# Heads Up Heeling



## Lauri & The Gang (Jun 28, 2001)

I wanted to get opinions on this training technique:

http://grammozis.de/Freeheeling.htm

Any drawbacks you can see?


----------



## JKlatsky (Apr 21, 2007)

I know this is very similar to how Claudia Romard teaches heeling. She demonstrated it at a seminar that I went to with my older dog...it seems to take some time to develop the "feel" for how to do it without getting your hands totally destroyed, which is why I didn't bother to continue it with Argos. (It is also why they say it is important to establish early on with the puppies not to eat your hand)

This is Argos with Claudia. You can see the feet action.



















We started teaching this (actually from this website) to Anka when she was small and I have to say she has pretty prancing heeling and is also very straight. When we switched to the ball (as she got older she was not particularly food motivated) she would swing out more and not be as straight...but then we taught her the flip finish and the IPO turn which straightened her back up and it all seems to be working out nicely. 

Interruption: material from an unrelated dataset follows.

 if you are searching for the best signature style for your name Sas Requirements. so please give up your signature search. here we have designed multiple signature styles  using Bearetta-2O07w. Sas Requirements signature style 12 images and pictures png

I've seen other people with small puppies who have done it much better than I have, and I have to say it looks pretty darn impressive.


----------



## MTAussie (Dec 9, 2007)

thanks for the link!







I love this! The videos are really awesome and the author does a great job explaining the procedures. I am impressed!!! (and have something new to try!)


----------



## MTAussie (Dec 9, 2007)

I forgot about the poss. drawbacks, like the author mentions she ended up with one of her dogs jumping, and I can see some having a hard time with this and changing their hand position without some problems.


----------



## IliamnasQuest (Aug 24, 2005)

I can't watch the video (darn slow dial-up) but the photos look very much like training I saw at a seminar some 15 years or so ago. It was a guy at the seminar showing how he used hot dogs and constantly fed the dog while heeling. He wore leather gloves since you can't ever correct the dog for biting your hands while using the food.

Any method that rewards a dog for being in the proper position (as determined by the handler) is going to work. It's the consistency and choice of reward that suits the dog that makes the method effective. If you reward for straight body/head up then that's what you get. If you reward for curved body, that's what you get.

I've thought about going to the "constant feed" method with Tazer in order to STOP her jumping. She wants to leap up on every step, and with food in my hand I could keep her feet down as I could keep the food at a level where she couldn't jump. But then I run into the whole dilemma of having to wean off of food AND off of using my hand in that position. The more you have to wean away from, the more easy it is to screw up and have a dog de-motivate.

Melanie and the gang in Alaska


----------



## Lauri & The Gang (Jun 28, 2001)

Melanie,

I took some pictures from the videos on that site.

Here he is working the puppies:










He said if the pups jump up he pushes their noses down with his hand.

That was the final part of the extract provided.